My mane usage is ceramics however also want to use on fabrics so if I went with laser I would need ink for large fabrics anyway so think I would be best hitting to birds with one stone.


----------



## charles95405 (Feb 1, 2007)

first off...I have tried laser toner on ceramics and do not like it..the toner I tried had to have a curing solution...but that was couple years ago. I have used sublimation inks and Epson printers all the way from tghe C80-C88+series, 1280 and 1400...The best was the C80 series as you only needed 4 colors not the 5(C120) 6 or 8 colors. The colors over the CYMK are great for photos and glossy prints but using the 6-8 carts for sublimation is just a waste of money...but that is just my opinion. I have been doing sublimation since 2000 and have tried about every refill/bulk system there is I think and both have disadvantages and advantages...But I finally..last early this year dumped the Epsons in favor of the Ricoh GX 7000 which uses dye gel ink. There are only 4 carts...large ones and while there is a bit less than a bulk system, I am finding they are lasting just about as long ..cart cost $110x4 vs the 8 carts of the larger Epsons at $175x8!..The Gx7000 will do 11x17 out of the box and with the optional tray, will do 13x19. So far no clogging issues and that saves a lot of time/ink!

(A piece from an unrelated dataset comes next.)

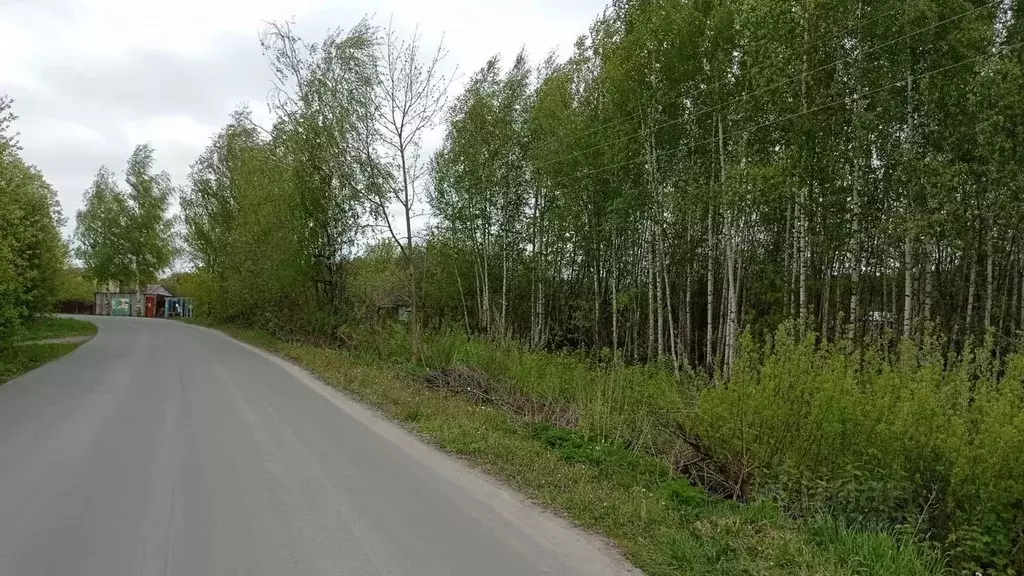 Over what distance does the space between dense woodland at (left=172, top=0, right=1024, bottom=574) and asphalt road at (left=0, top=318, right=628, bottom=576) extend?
2.84 meters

For about the price of the ink you mention ($1700) you can buy the Ricoh GX7000 and three sets of carts of sublimation gel inks..They work well on ceramics and fabrics and the GX7000 is much much faster than the Epsons or the laser Oki5800 I have. The GX5050 is less than the 7000...even faster...but only does 8.5x14 max


----------



## d.manns (Jul 31, 2009)

Hi, thanks for the input. The inkjets I have in mind are more the industrial size as to what I need to achieve. Most likely the Mimaki JV22.

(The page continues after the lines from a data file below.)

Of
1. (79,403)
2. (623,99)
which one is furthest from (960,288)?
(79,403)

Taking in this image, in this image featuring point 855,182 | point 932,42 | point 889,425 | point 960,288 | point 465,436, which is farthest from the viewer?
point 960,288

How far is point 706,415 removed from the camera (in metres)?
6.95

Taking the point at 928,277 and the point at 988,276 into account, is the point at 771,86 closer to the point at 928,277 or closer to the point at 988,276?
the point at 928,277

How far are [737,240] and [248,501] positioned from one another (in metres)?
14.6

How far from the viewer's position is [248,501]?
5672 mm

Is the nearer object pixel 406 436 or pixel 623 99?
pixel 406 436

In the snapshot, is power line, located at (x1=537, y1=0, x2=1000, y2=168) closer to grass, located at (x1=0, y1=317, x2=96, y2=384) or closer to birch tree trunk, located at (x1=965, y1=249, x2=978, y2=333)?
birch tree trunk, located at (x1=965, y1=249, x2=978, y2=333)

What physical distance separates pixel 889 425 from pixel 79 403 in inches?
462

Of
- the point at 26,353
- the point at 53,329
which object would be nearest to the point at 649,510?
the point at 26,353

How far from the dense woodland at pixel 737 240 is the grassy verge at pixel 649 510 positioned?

Do you think I would be able to re-configure an 8 ink system to only print with 4 colours?

Would you be able to suggest the best place to get Dye-Sub ink from? In the USA or Europe?


----------



## andywt (Mar 9, 2009)

Hi
_I_ get my sub ink from here , made by lyson. really good price , no problems this past year using it.


RevolutionTransfers Large Format Printer (LFP) Store: Dye-Sublimation Ink, Lyson Sublimation Ink 250ml


----------



## d.manns (Jul 31, 2009)

Thank you, those are excellent prices.


----------



## madco (Feb 22, 2011)

andywt said:


> Hi
> _I_ get my sub ink from here , made by lyson. really good price , no problems this past year using it.
> 
> 
> RevolutionTransfers Large Format Printer (LFP) Store: Dye-Sublimation Ink, Lyson Sublimation Ink 250ml


I am interested to buy set of Lyson inks from UK for my 2 Large format printers. Now, as I am in Canada - how to make this possible?


----------



## texasjack49 (Aug 4, 2008)

d.manns said:


> Hi, thanks for the input. The inkjets I have in mind are more the industrial size as to what I need to achieve. Most likely the Mimaki JV22.
> 
> Do you think I would be able to re-configure an 8 ink system to only print with 4 colours?
> 
> Would you be able to suggest the best place to get Dye-Sub ink from? In the USA or Europe?


I'm definitely no expert on this but my understanding is that you need a MultiRip software to make an 8 color system into a 4 & 4. The software tells the printer which carts to use when making a print. Prices vary but what I have seen is that they start somewhere around $700.00 US for a lite version.


----------



## conde tech (Nov 15, 2007)

What printer are you going to be using for sublimation?


----------